Franchising Looks To The Future - Business Media MAGS

Sunday Times Franchising

Franchising Looks To The Future

Can the flame of entrepreneurship be reignited? By Akona Qengqe, chairperson of the Franchise Association of South Africa.

Franchising has at its heart the spirit of entrepreneurship, but amid the COVID-19 pandemic, the question is if the entrepreneurial flame can be reignited for future growth.

The franchise sector, which in South Africa is represented in around 14 different business sectors, posted an estimated turnover of R734-billion in 2019, equivalent to 13 per cent of GDP. It has over 800 franchise systems operating through 48 000 outlets and employing close to 500 000 people – representing the highest and most diverse range of entrepreneurial endeavours. The sector is the most suited to lead the post-COVID recovery.

Tapping into the wave of innovation that change will no doubt bring about – from online trading and innovative robotics to a new wave of ethical consumerism and global activism, mobilising creative and innovative responses, seeing the gaps in the market, and redesigning and re-engineering for the future – is what entrepreneurs all over the world will focus on. And where there are entrepreneurs… there are franchisors and franchisees.

Despite the doom and gloom of our current health and economic situation, the board of the Franchise Association of South Africa (FASA), in its dealings with members of the association, has concluded that “we wager that the franchise industry will make a faster and better recovery post-COVID than most other business categories”.

Listening to franchisors and how they have quickly jumped in to assist their franchisees during the COVID-19 crisis can only stand the sector in good stead as it forges ahead to recover and rebuild.

The success of franchising is largely due to the following guiding principles.

Individual business owners simply do not have the network expertise that they can tap into like a franchised system.

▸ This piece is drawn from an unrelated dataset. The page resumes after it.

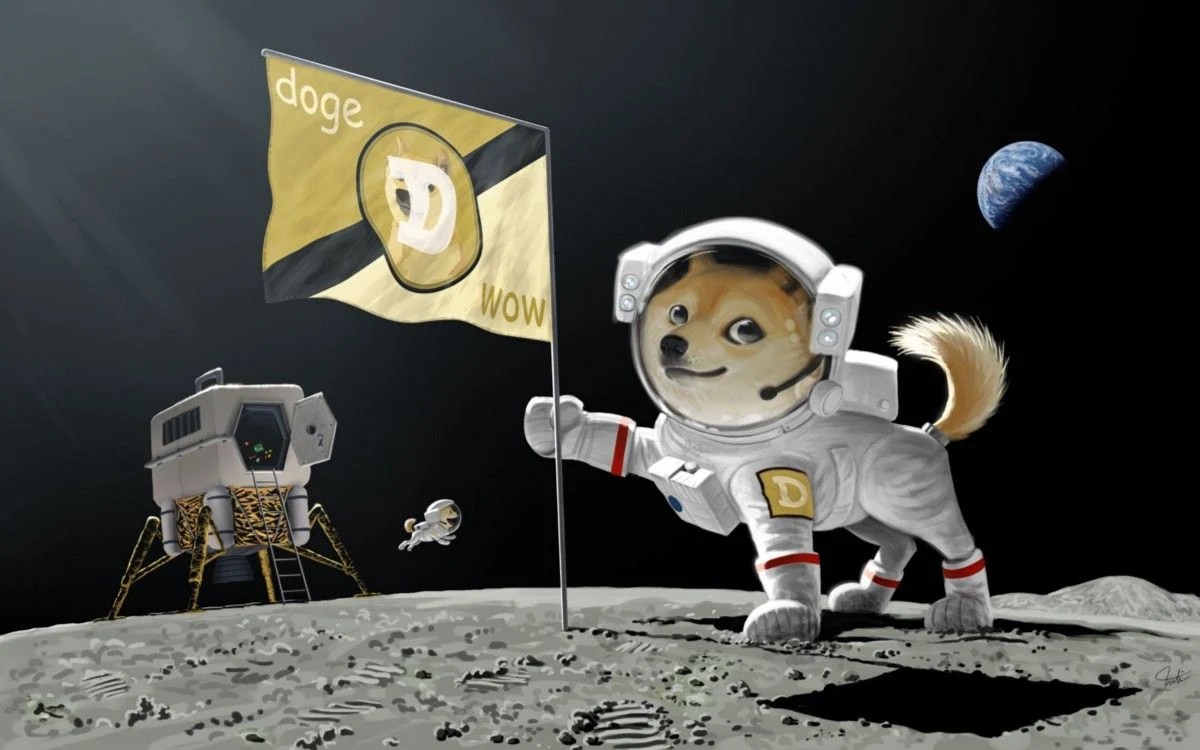 Dogecoin Wallpapers Wallpaper Cave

Nor do they have, for example, the marketing expertise, a wider business view and knowledge of how others have tackled problems and found solutions.

The ability to augment their business model quickly, interpret consumer behaviour, identify problems and recognise how to solve them.

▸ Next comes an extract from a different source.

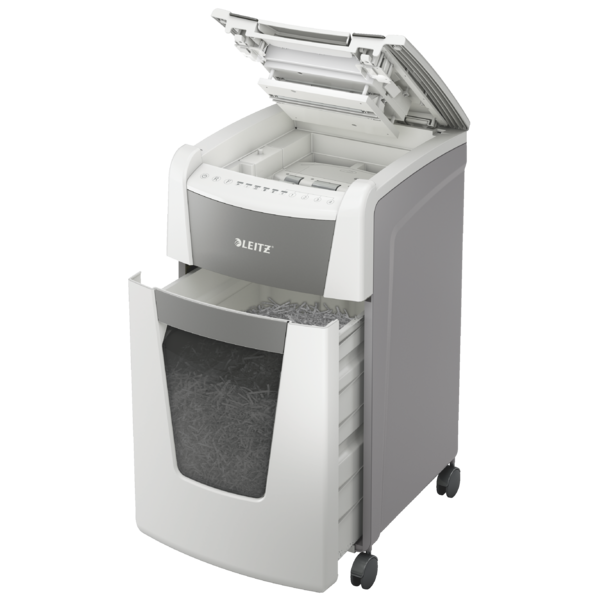 Destructora Automática Para Oficina Leitz Iq 300 Autofeed P5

Franchisors tap into technology and use the information they glean from their systems to benchmark the way forward for the business. They analyse customer trends, growth spots, declining products and services, reasons for the change in consumer behaviour, and how to adapt products and services to the ever-changing needs of their customers quickly – crucial for the survival of businesses today.

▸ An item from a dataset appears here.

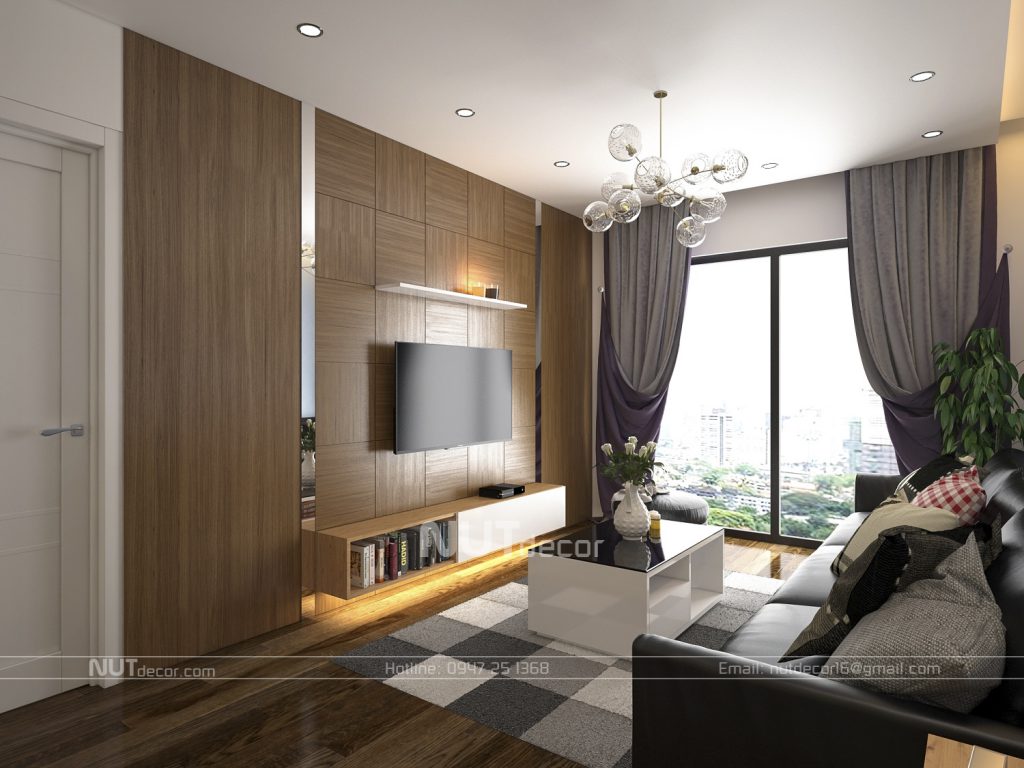 thiết kế nội thất căn hộ goldmark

Even if individual- or family-owned business owners belong to small business networks or other industry bodies, these organisations –althoughthey offer help and assistance – will never have the intimate knowledge and understanding of their business models that a franchisor and fellow franchisees have. 

Franchisors and franchisees not only have access to the business minds within their brand, but also across similar business categories in the franchise business sector as well as the broader franchise industry.

Franchises, in general, are far more nimble, adaptable and quick to market with clever and real solutions than individuals or freestanding business owners. 

FASA hopes that franchising’s sound principles will instil confidence in the business sector for development funders, banks, landlords and other stakeholders to play their part in the sector’s recovery. The banking fraternity has a huge responsibility to acknowledge the unique benefits of franchising as well as the sector’s successful track record and how they have benefited from this sector over the years. Now they need to come up with funding solutions that are less risk-averse, with simple application processes that can stimulate growth for franchisors by way of rapid distribution growth. This, in turn, would create jobs and stimulate disposable income.

Never underestimate a tough and resilient franchise industry full of talented and highly motivated people who excel during times of extreme stress and undue pressure. Their innovative thinking and unrelenting desire for success will help kick-start the South African economy, and get the wheels of job creation and consumerism steaming ahead.